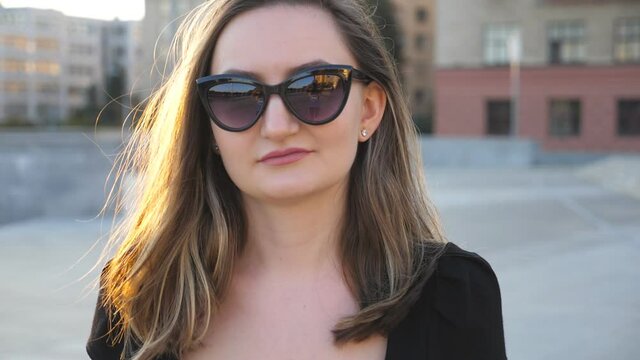 Portrait of young businesswoman in sunglasses walking in city street. Face of attractive business woman looking at camera. Sunset light illuminates hair of girl. Close up Slow motion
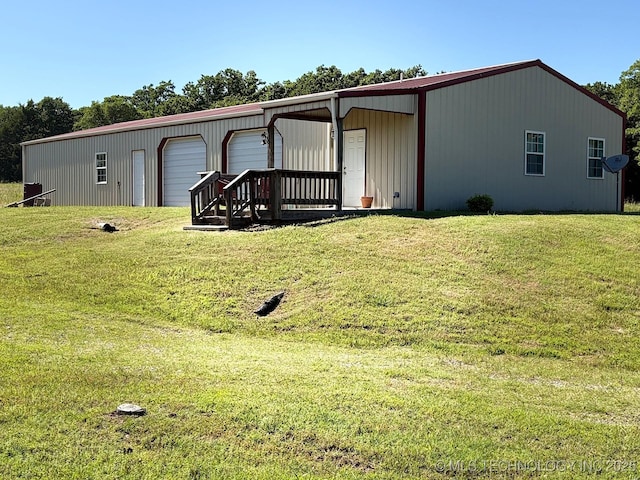 1216 N Oak Grove Rd, Drumright, OK 74030 - rear view of house with a garage, a lawn, and an outdoor structure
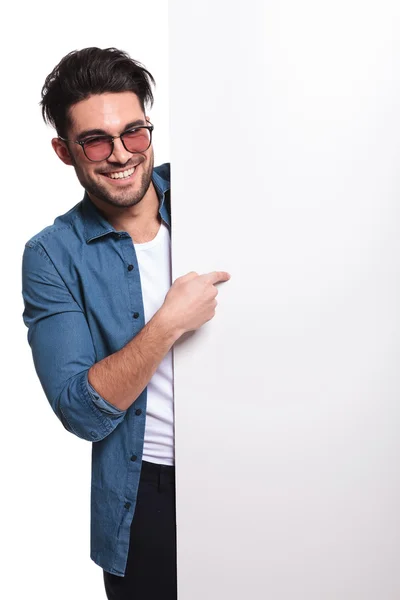 Young casual man pointing to a empty board — Stock Photo, Image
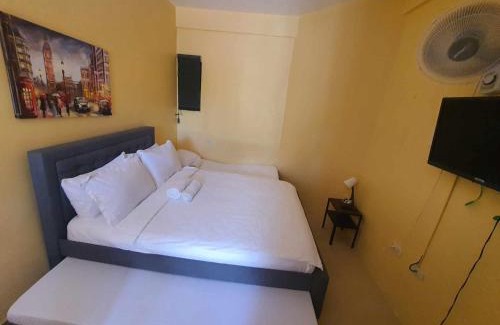Lucena Apartment | Lucena Meg's Studio Apmnt Deluxe rm-Near SM-Wifi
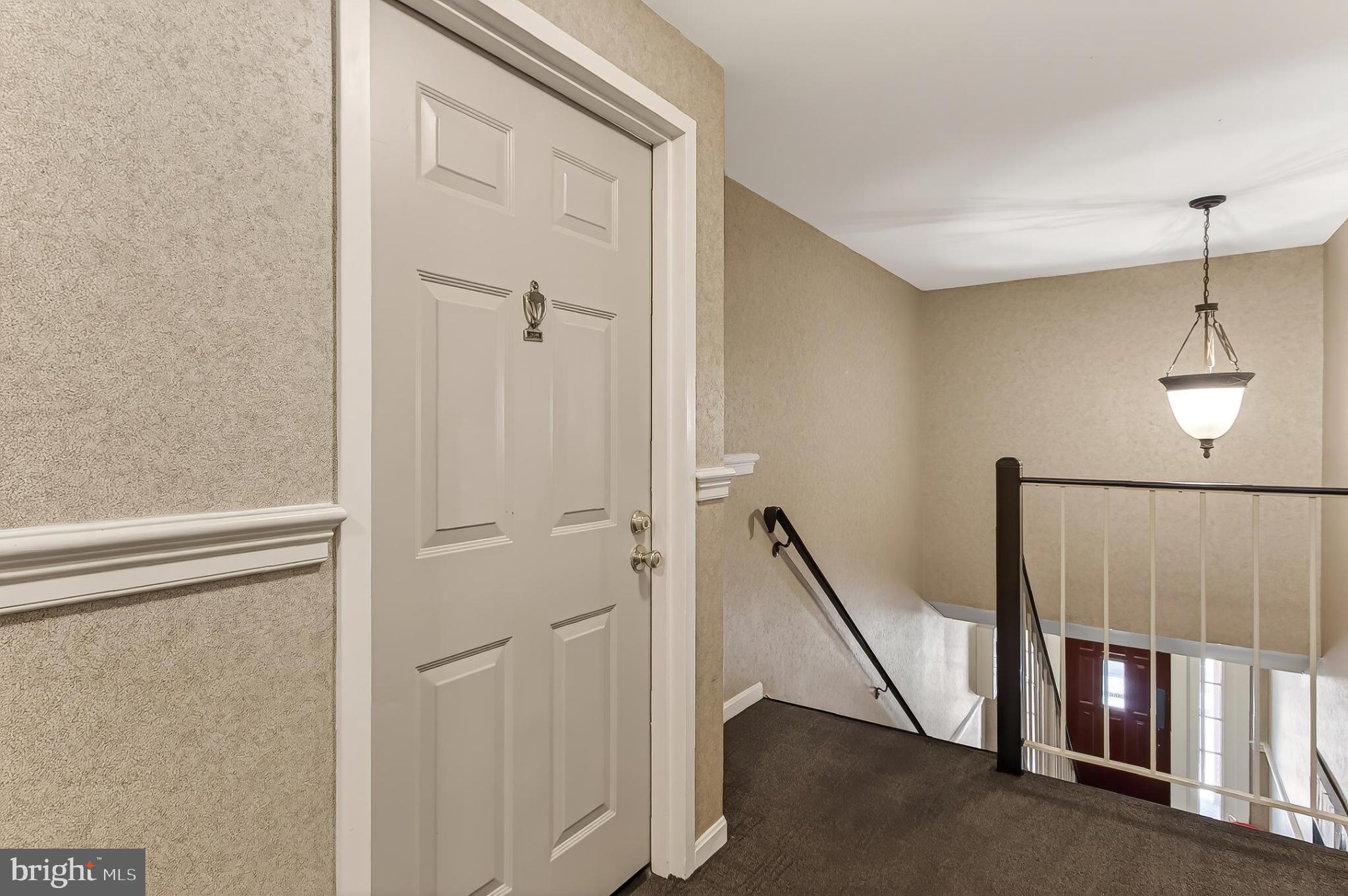 5833 Cove Landing Road, Unit 304 Burke, VA 22015 - Photo 28 of 34 a view of a hallway with entryway and stairs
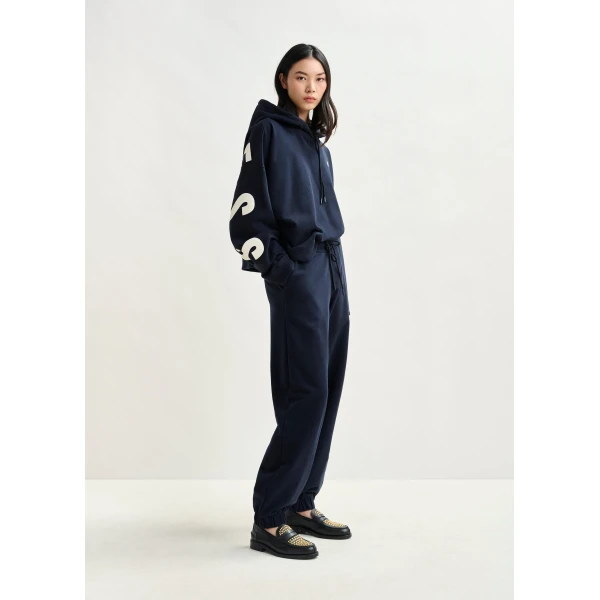 Essentiel Antwerp Navy cotton sweatpants with E-shaped embroidery - Essentiel Antwerp Pants - Colorful Belgian Design - Shop at Luxury Shoes 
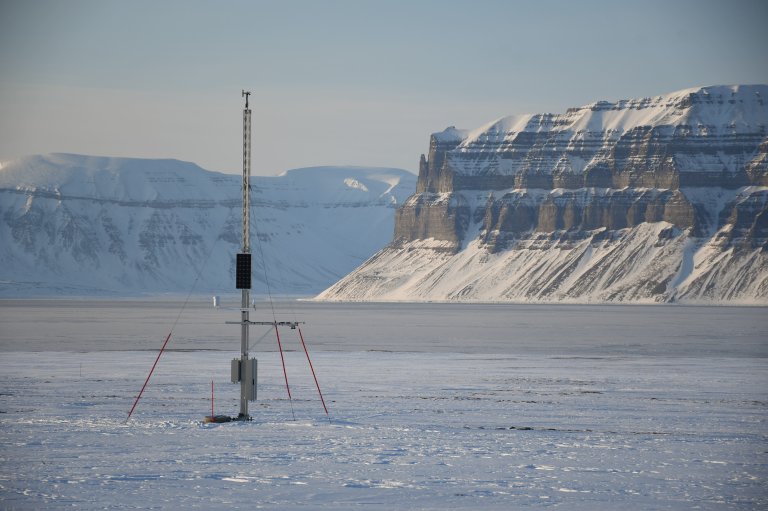 En høy måler står plassert i et hvitt landskap av snø og is, fjell i bakgrunnen. 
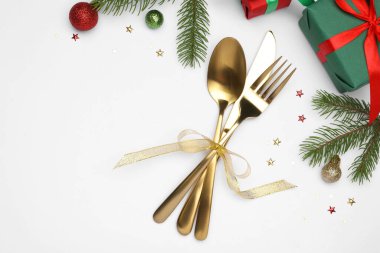 Tabak, çatal bıçak takımı ve beyaz arka planda şenlikli Noel sofrası, düz yatış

··········

» **Work task**
Leave every picture out and set down exactly the lines running from the one with "Lucena Apartment |" to the last line of the material above.

» **Result below**
Lucena Apartment | Lucena Meg's Studio Apmnt Deluxe rm-Near SM-Wifi
 5833 Cove Landing Road, Unit 304 Burke, VA 22015 - Photo 28 of 34 a view of a hallway with entryway and stairs
 Essentiel Antwerp Navy cotton sweatpants with E-shaped embroidery - Essentiel Antwerp Pants - Colorful Belgian Design - Shop at Luxury Shoes 
 En høy måler står plassert i et hvitt landskap av snø og is, fjell i bakgrunnen. 
 Tabak, çatal bıçak takımı ve beyaz arka planda şenlikli Noel sofrası, düz yatış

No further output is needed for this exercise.